학술논문

Harmonizing local and global features: enhanced hand gesture segmentation using synergistic fusion of CNN and transformer networks
Document Type
Original Paper
Source
Signal, Image and Video Processing. 18(8-9):5579-5588
Subject
Hand gesture segmentation
Feature fusion
Transformer
Multi-scale
Language
English
ISSN
1863-1703
1863-1711
Abstract
Hand gesture segmentation is an important research topic in computer vision. Despite ongoing efforts, achieving optimal gesture segmentation remains challenging, attributed to factors like gesture morphology and intricate backgrounds. In light of these challenges, we propose a novel hand gesture segmentation approach that strategically combines the strengths of Convolutional Neural Networks (CNN) for local feature extraction and Transformer Networks for global feature integration. To be more specific, we design two feature fusion modules.

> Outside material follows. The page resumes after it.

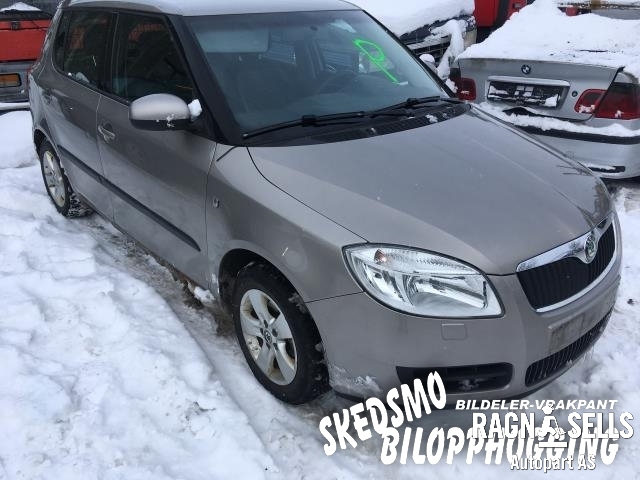 Škoda Fabia 2007-2010 (Type II, Fase 1) , Motorkode: BZG, Girkassekode: JUS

One employs an attention mechanism to learn how to fuse features extracted by CNN and Transformer. The second module utilizes a combination of group convolution and activation functions to implement gating mechanisms, enhancing the response of crucial features while minimizing interference from weaker ones. Our proposed method achieves mIoU score of 93.53%, 97.25%, and 90.39% on OUHANDS, HGR1, and EgoHands hand gesture datasets respectively, which outperforms the state-of-the-art methods.